Posted in entrepreneurship by Steve Sammartino on April 28, 2011

A few soundbites from the future:

Leadership: It’s no longer about being king of the mountain, it’s about being center of the circle. Prof Joseph Nye author of Soft Power.

Woman will lead the 21st century, or at least a feminine social and business ethic. The 20th century was very male centric. This has flipped with the rise of social facilitation.

The 3rd world is benefiting from the mistakes of the 1st world over the past 100 years. BRIC nations especially are innovating and creating new technology platforms, while the west holds onto fossil fuel era. BRICS are investing in recycling, eco, solar and fusion and the west is resisting.

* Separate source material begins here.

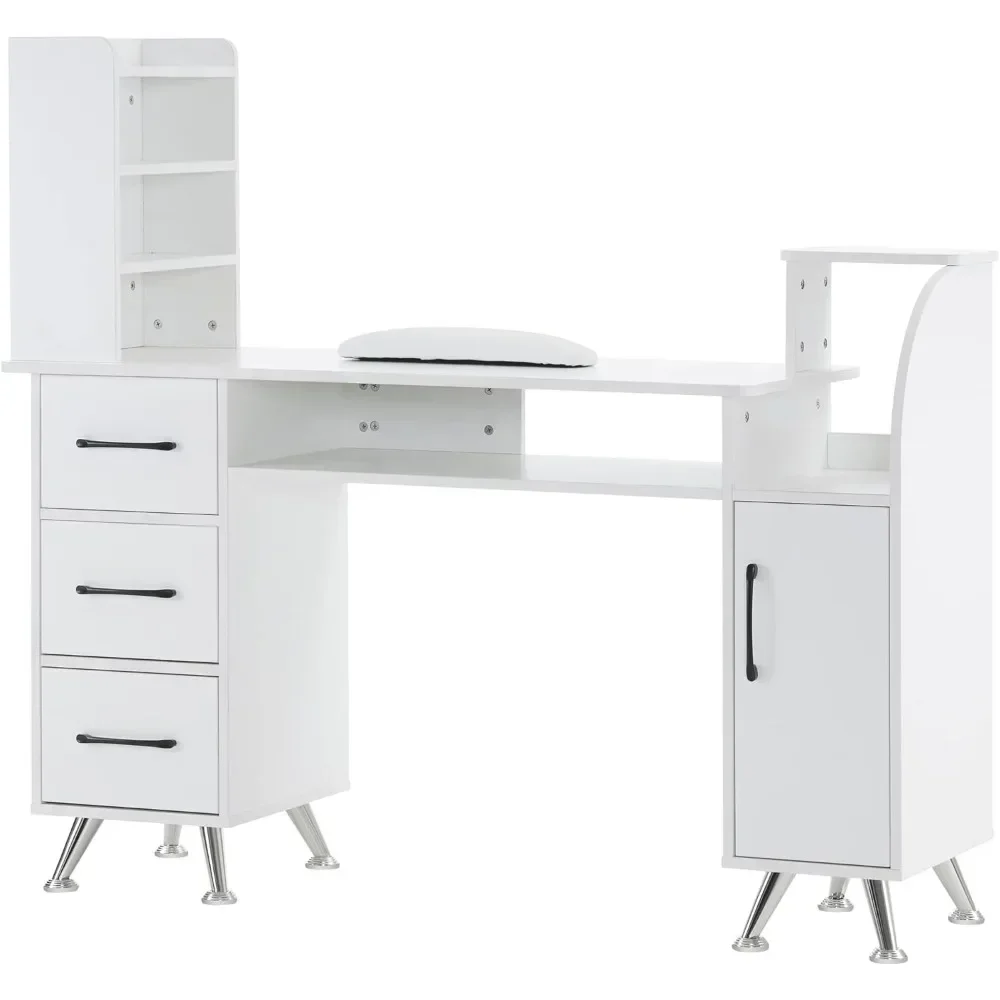 Manicure Table Makeup Dressing Station Nail Desk with Wrist Cushion Beauty Workstation Salon Storage Equipment dresser
Manicure Table Makeup Dressing Station Nail Desk with Wrist Cushion Beauty Workstation Salon Storage Equipment dresser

Conviviality Culture: All we really long for is socialisation. Consumption was the substitute for social recognition in a n industrialised, systematic world. Geolocating is being used as tool for us as a collective to “assemble” so we can collaborate and take back control of our destiny and conversations. Mobiles tell us where we are, and why we are there. Not being listed or ‘located’ via mobile is like not being listed in the white pages.

But, research shows that only 5% of people are “happy” when socialising on line… which tells us that it used as a substitute or preamble to actually connect physically and meet. Socialising on-line is a facilitator to actual ‘real’ connection that we want to make as humans. The proof of this is in the growth of us geo-locating each other. We need to be together.

Although we are connecting on-line, we want to tune out, log off and turn off. We aspire to not having to check our emails or update our ‘status’. It’s onerous and heavy. People in their 20’s are telling us this – not just Boomers.

The magic of the ‘live’ event is being re-born. Live is better than free on line. The free on line is the digital sampling of the event with the real connection…. It’s about being there. We’ve seen this with live footage and concerts on youtube and the growth of live streaming.

Un-Social Networking: Martin Lindstrom of Brand Sense says we are suffering a little from digital emptiness.

Meaning & Value > Volume

The above equation is something that marketers, brands and businesses need to take note of. We are no longer living in a volumetric era. Production and efficiency is being replaced very quickly by value and meaning.

We now have 2 windows to do business with:

The Retailer window and the Digital window. And people are starting to buy back time. The digital window helps us do that. Time is the asset – not ‘stuff’.

People are re-thinking why they buy. Unlike previous generations young Australians are participating in community activity, many of which do not involve any economic incentives.

Beta Attitudes (the every-preneur)

People are doing small scale, networked and highly responsive activities. They are prepared to get involved and just see what happens. The engagement and involvement is a larger part of the project than the actual outcome.

Live gatherings are occurring as an antidote to digital culture…. Or is it a manifestation of digital culture?

We are seeing micro festivals. The stadium era is over. We are more interested in a niche fringe community than a mass event. Mass media, top 40, stadium ethic and the horrible idea of the Grand Prix is out dated. The micro cohort is where it is at. Customised local and organised by ‘us’. Grand Prix is over bearing and crass – it has no fit with our emerging culture. We’ve already seen this sentiment in Melbourne.

Micro, Niche, Fringe, Bespoke, Local and Artisan are all words that we are appearing before the word ‘festival’.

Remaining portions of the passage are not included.